私の語学力の問題もあって、全データを分析していくとかなりの時間がかかってしまうため簡単に見ていきますが、まずやはりチャンピオンズリーグに出場するような上位クラブの予算が非常に大きいですね。
例えば07-08、08-09と2シーズン連続でCLに出場したマルセイユは、約100億円以上もの予算を使えています(リヨンが最大で150億円以上になるのかな?リヨンはデータが複雑でわかりにくいのですが…)。
しかし、上位数チーム以外はJリーグクラブと比べても、それほど大きな規模ではないようです。
過去数年分のフランスリーグのデータとJリーグの平均データを比べてみると、だいたいJ1の平均がフランス1部中堅チームの少し下、第三グループの上の方でしょうか。
Jリーグトップのクラブ規模を誇る浦和(つい先日発表された09年のデータで約65億円)で、中堅チームの上位くらいに相当するのかなと思います。
ただ、フランスリーグの中でも上位規模のクラブと中堅規模のクラブとの差は大きく、なかなかJリーグのクラブがフランスのトップチームまで追いつくというのは難しいのかな…というのが現状だと思います。
オシム監督が“Jリーグのビッククラブ”を望むのも、このあたりに理由があるのかもしれません。
ビッククラブがサッカーのレベルだけでなく、経営面でも引っ張っていくことで、リーグ全体を活性化させていく…というピラミッドができれば、Jリーグの成長に繋がっていくという考えなのではないでしょうか。
しかし、世界的な不景気もあってフランスリーグも経営規模に関してはともかく、経営状態に関しては深刻なデータが出てきています。
こちらやこちら(フランス語)のニュースでも報じられているように、08-09シーズンでは赤字決算のクラブが増え、もっとも酷いRCランスは約17億円、2部のFCメスやオセールが約10億円、パリSGとグルノーブルが約6億7000万円の赤字となっています。
グルノーブルは経営問題で2部どころか3部降格という報道もありましたが、これを見ると深刻な経営となっているのはグルノーブルだけの問題ではないということがわかります。
これだけ多くのクラブが大きな赤字を抱えているとなると、グルノーブルだけに3部降格という罰則を科しては収拾がつかなくなるのではないでしょうか。
「グルノーブルの松井、移籍か?」なんて報道も出ていますが、これも本人の意思だけでなくクラブの経営問題も大きな影響を与えているのではないかと思います。
また、09-10年決算ではより厳しい数字が出る予想もされているようで、08-09年はフランスリーグの1部と2部で計40億円以上の赤字だったそうですが、09-10年は1億ユーロ(約125億円)にも膨れ上がる可能性があるそうです。
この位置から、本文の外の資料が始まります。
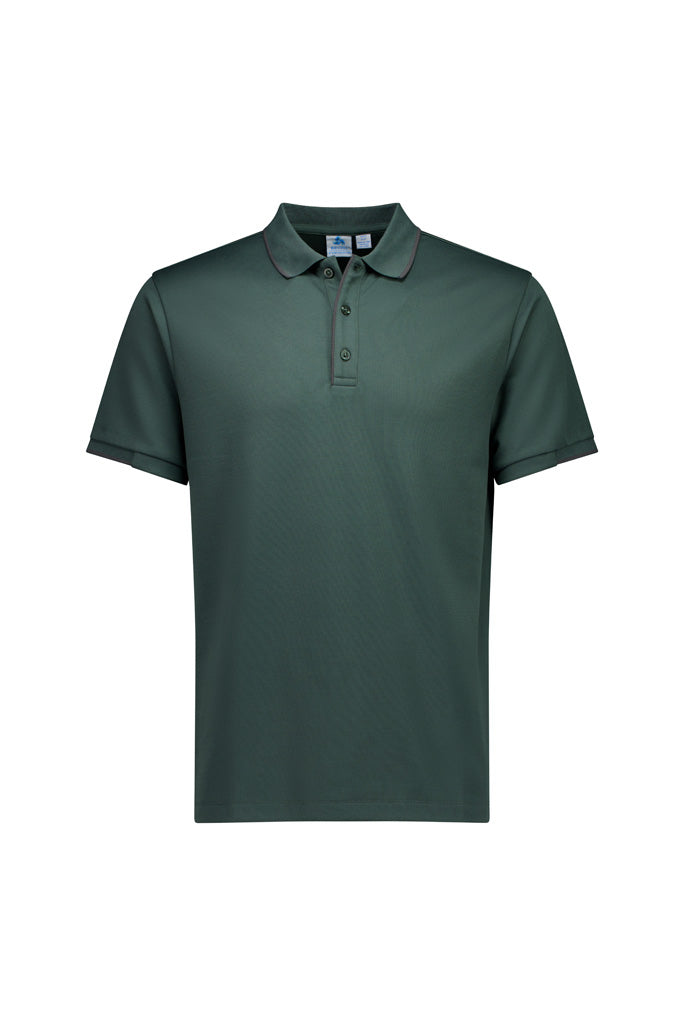 Biz Collection Mens Focus Short Sleeve Polo (P313MS)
また、厳しい経済状況はフランスのクラブだけの問題ではなく、金融危機が起こり世界的な不況下に陥ったことで、様々なニュースが報じられています。
フランスリーグの経営的な苦戦も、背景として移籍金収入が大幅に減少したことがあるそうで、欧州全体の経済面の膠着が選手を買われる側のクラブチームなどにも大きな影響を与えているのかもしれません。
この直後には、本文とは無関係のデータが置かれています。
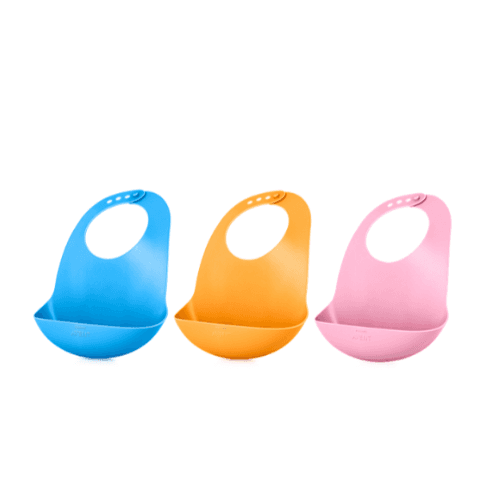 Avent Plastic Feeding Bib (Sold Separately Subject To Availability)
経済的な問題が一山越えればまた元通りとなるのかもしれませんが、西欧ビッククラブの移籍金や選手の年俸の高騰は近年、問題視されてきたことであり(マンチェスター・Cは全収入の95%が選手の年俸にあてられるなんてニュースも)、もしそのあたりが減少すれば西欧のクラブ規模も多少は縮小化してく可能性もあるのかなぁとも思います(あくまでも勝ってな推測ですが)。
一方でJリーグなどは選手の移籍金などで収入を得てきたわけではないですからそういった被害は少ないわけですし、考え方を変えれば少しでも西欧リーグと差を狭めるためのチャンスになりうるのかもしれません。
ただし、もちろん世界的な不況の波は日本にも影響を及ぼしており、広告料収入や入場料収入へのダメージも予想されます。
昨年末から経営的に厳しいクラブも出ていますが、まずは現状の課題を乗り越えることを第一に考えながら、サッカーだけでなく経済面でも発展していってほしいですね。
それが日本サッカー界全体の発展にもつながるはずだと思いますし。